# Have a question about grading my lawn



## Kberg84 (May 20, 2020)

I'm in the process of contacting and getting quotes from companies to have my yard graded. A project I would love to attempt but with so much on my plate as it is, I would never find the time. My question is….a company mentioned using tractor/bobcat and stripping off the top layer and continually working the pile "before too long it becomes mostly dirt". Would going that route set me up for a weed infestation after I've laid the sod? Grass is currently salad bar. Should I go out and hit it a couple times with glyphosate prior him coming out or would it be ok to go with what he's saying? Any input would be greatly appreciated.


----------



## ALPHA (Aug 25, 2021)

What are you re-grading for? Low spots, drainage, mow height? I've got areas that that need to be re-graded too, some I can scrape a bit off and move, others need a little dirt or sand brought in to fill in.
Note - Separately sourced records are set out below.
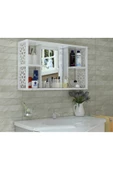 Remaks Aynalı Banyo Dolabı Beyaz thumbnail 1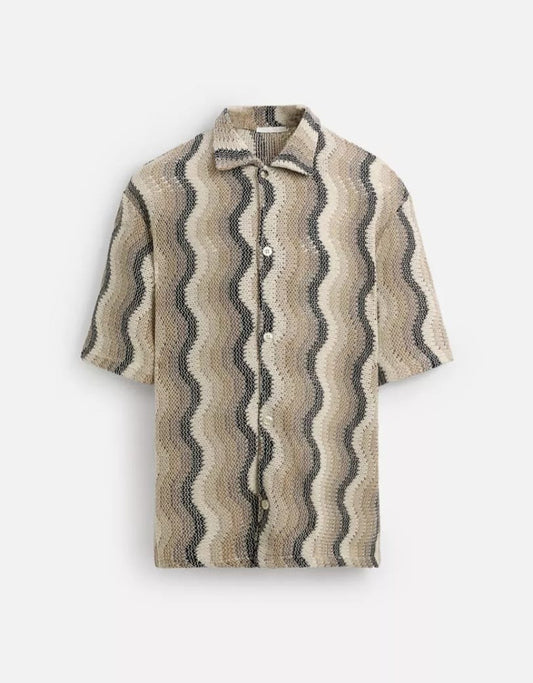 Zara Wavy Textured Shirt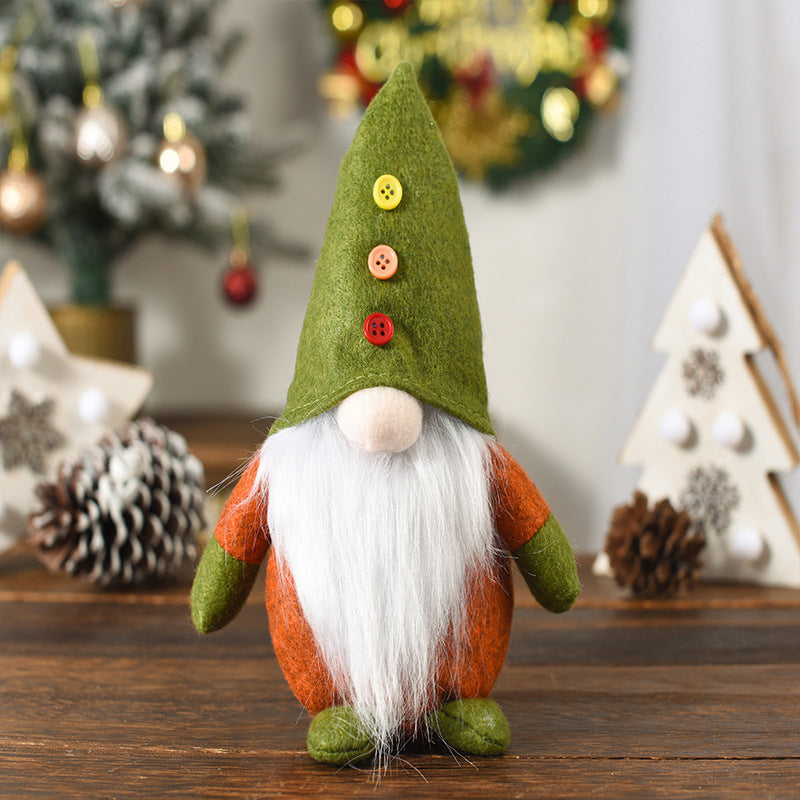 Yeouu | Christmas Green Faceless Old Man Elf Figurine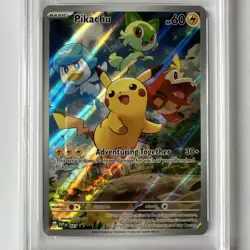 2023 Pokemon SVP EN-SV Black Star Promo #027 Pikachu Paldea Evolved ETB, PSA 10 - Image 2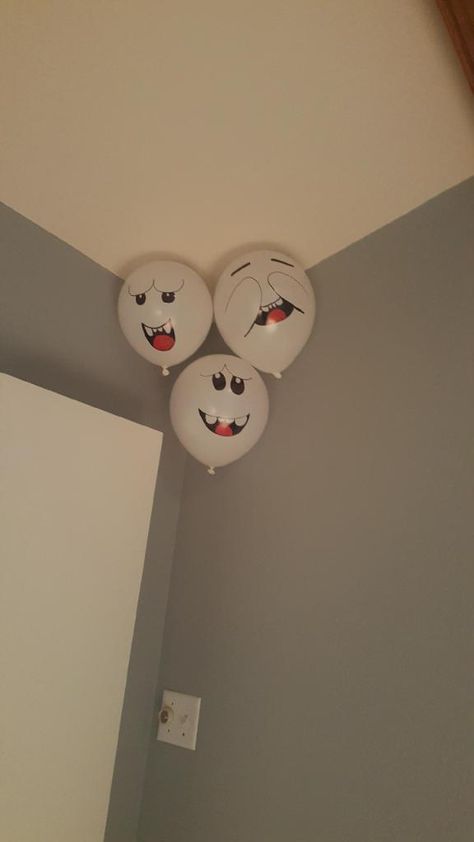 Ghost Balloons, Princess Peach Party, Mario Kart Party, Mario Bros Birthday Party Ideas, Super Mario Bros Birthday Party, Mario E Luigi, Super Mario Bros Party, Mario Bros Birthday, Mario Bros Party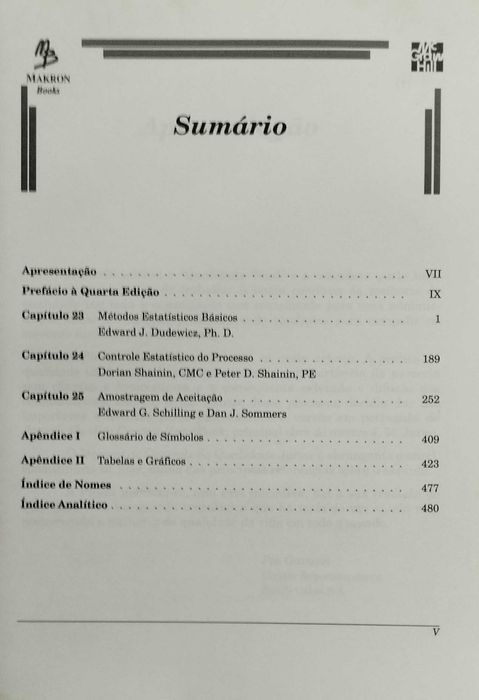 Controle da Qualidade Handbook-  Vol. II, III e VI - Juran, McGrawHill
What you are trying to accomplish dictates what a contractor need to do to help achieve the end result you desire.

I would spray off the dirt before it's worked to make it easier on the crews machinery, and hopefully in turn cheaper for you. But where you really want to focus on herbicide is after it's graded. A couple apps of herbicide afterwards to ensure that weeds don't pop up in your new lawn.


----------



## Kberg84 (May 20, 2020)

ALPHA said:


> What are you re-grading for? Low spots, drainage, mow height? I've got areas that that need to be re-graded too, some I can scrape a bit off and move, others need a little dirt or sand brought in to fill in. What you are trying to accomplish dictates what a contractor need to do to help achieve the end result you desire.
> 
> I would spray off the dirt before it's worked to make it easier on the crews machinery, and hopefully in turn cheaper for you. But where you really want to focus on herbicide is after it's graded. A couple apps of herbicide afterwards to ensure that weeds don't pop up in your new lawn.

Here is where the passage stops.